BRIEF »
Once the line with "Downloading as HTML5" is found in the entries below, repeat it and each following line exactly, up to and including the line with "Maserati Maserati SFIDA". Add no other lines.

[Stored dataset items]
*** Block opens ***

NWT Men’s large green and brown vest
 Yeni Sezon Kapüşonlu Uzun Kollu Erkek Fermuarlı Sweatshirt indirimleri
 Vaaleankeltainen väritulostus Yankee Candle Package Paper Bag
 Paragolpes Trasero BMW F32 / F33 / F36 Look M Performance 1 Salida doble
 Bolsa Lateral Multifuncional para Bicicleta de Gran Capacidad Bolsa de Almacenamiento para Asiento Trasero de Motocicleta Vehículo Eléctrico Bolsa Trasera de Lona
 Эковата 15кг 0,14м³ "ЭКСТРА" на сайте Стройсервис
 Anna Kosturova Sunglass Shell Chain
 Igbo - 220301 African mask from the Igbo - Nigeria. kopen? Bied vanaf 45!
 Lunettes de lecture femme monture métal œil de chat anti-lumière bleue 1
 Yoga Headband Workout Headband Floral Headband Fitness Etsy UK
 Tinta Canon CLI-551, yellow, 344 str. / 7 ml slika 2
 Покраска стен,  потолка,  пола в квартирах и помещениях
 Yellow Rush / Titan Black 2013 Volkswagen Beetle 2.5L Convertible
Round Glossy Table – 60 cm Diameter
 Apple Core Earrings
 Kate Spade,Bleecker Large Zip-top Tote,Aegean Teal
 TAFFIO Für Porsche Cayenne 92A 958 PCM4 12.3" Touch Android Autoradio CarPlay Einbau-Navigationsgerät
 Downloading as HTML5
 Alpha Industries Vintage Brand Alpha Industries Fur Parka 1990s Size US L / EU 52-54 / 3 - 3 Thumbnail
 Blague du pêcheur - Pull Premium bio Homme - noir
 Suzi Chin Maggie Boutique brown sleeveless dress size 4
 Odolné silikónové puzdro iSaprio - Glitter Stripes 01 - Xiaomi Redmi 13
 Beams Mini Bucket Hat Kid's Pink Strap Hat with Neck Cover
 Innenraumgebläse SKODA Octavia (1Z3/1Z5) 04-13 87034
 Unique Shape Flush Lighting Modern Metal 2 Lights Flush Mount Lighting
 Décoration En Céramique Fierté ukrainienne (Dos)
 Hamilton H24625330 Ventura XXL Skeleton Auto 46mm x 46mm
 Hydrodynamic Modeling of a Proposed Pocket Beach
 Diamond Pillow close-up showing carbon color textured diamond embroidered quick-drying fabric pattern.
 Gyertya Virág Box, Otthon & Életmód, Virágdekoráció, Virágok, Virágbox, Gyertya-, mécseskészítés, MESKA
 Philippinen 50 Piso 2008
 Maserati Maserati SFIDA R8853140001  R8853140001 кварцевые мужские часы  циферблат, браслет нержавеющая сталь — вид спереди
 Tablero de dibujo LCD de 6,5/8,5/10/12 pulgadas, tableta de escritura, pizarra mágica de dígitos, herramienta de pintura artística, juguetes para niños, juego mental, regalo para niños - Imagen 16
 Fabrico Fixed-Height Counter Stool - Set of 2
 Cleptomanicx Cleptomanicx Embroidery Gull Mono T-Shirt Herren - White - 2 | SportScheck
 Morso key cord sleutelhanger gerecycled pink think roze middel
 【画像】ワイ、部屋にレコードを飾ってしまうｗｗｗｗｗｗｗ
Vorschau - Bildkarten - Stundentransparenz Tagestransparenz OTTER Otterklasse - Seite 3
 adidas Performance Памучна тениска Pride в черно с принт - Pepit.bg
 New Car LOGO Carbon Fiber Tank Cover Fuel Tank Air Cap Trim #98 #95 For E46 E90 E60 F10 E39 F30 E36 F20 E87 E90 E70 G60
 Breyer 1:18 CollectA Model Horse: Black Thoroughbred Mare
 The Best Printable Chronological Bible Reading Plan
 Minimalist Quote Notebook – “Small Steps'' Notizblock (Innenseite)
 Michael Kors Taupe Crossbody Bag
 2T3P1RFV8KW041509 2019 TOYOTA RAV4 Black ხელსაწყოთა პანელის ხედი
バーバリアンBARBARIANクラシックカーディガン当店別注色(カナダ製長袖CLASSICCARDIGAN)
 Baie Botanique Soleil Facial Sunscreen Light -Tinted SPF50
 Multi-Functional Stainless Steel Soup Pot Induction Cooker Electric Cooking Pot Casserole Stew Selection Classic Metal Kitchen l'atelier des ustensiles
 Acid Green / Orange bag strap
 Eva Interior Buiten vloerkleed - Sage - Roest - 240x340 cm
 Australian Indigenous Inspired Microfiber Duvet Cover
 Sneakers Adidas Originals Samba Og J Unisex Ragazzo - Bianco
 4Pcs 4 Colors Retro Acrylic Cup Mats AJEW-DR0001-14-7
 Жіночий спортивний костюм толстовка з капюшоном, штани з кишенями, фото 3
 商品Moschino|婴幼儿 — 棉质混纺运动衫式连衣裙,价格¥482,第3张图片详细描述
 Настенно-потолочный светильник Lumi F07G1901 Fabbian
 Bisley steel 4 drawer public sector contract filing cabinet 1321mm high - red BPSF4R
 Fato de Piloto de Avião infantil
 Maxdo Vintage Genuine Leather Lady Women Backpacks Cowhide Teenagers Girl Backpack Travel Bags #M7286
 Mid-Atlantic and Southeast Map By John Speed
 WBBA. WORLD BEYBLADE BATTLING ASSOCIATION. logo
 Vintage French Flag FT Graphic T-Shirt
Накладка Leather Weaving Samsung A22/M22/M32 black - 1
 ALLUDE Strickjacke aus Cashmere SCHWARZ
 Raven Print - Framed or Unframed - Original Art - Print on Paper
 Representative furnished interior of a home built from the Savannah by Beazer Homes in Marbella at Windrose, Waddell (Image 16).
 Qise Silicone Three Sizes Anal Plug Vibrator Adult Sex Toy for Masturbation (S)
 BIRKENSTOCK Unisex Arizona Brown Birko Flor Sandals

*** Block closes ***

RESULT BELOW »
 Downloading as HTML5
 Alpha Industries Vintage Brand Alpha Industries Fur Parka 1990s Size US L / EU 52-54 / 3 - 3 Thumbnail
 Blague du pêcheur - Pull Premium bio Homme - noir
 Suzi Chin Maggie Boutique brown sleeveless dress size 4
 Odolné silikónové puzdro iSaprio - Glitter Stripes 01 - Xiaomi Redmi 13
 Beams Mini Bucket Hat Kid's Pink Strap Hat with Neck Cover
 Innenraumgebläse SKODA Octavia (1Z3/1Z5) 04-13 87034
 Unique Shape Flush Lighting Modern Metal 2 Lights Flush Mount Lighting
 Décoration En Céramique Fierté ukrainienne (Dos)
 Hamilton H24625330 Ventura XXL Skeleton Auto 46mm x 46mm
 Hydrodynamic Modeling of a Proposed Pocket Beach
 Diamond Pillow close-up showing carbon color textured diamond embroidered quick-drying fabric pattern.
 Gyertya Virág Box, Otthon & Életmód, Virágdekoráció, Virágok, Virágbox, Gyertya-, mécseskészítés, MESKA
 Philippinen 50 Piso 2008
 Maserati Maserati SFIDA R8853140001  R8853140001 кварцевые мужские часы  циферблат, браслет нержавеющая сталь — вид спереди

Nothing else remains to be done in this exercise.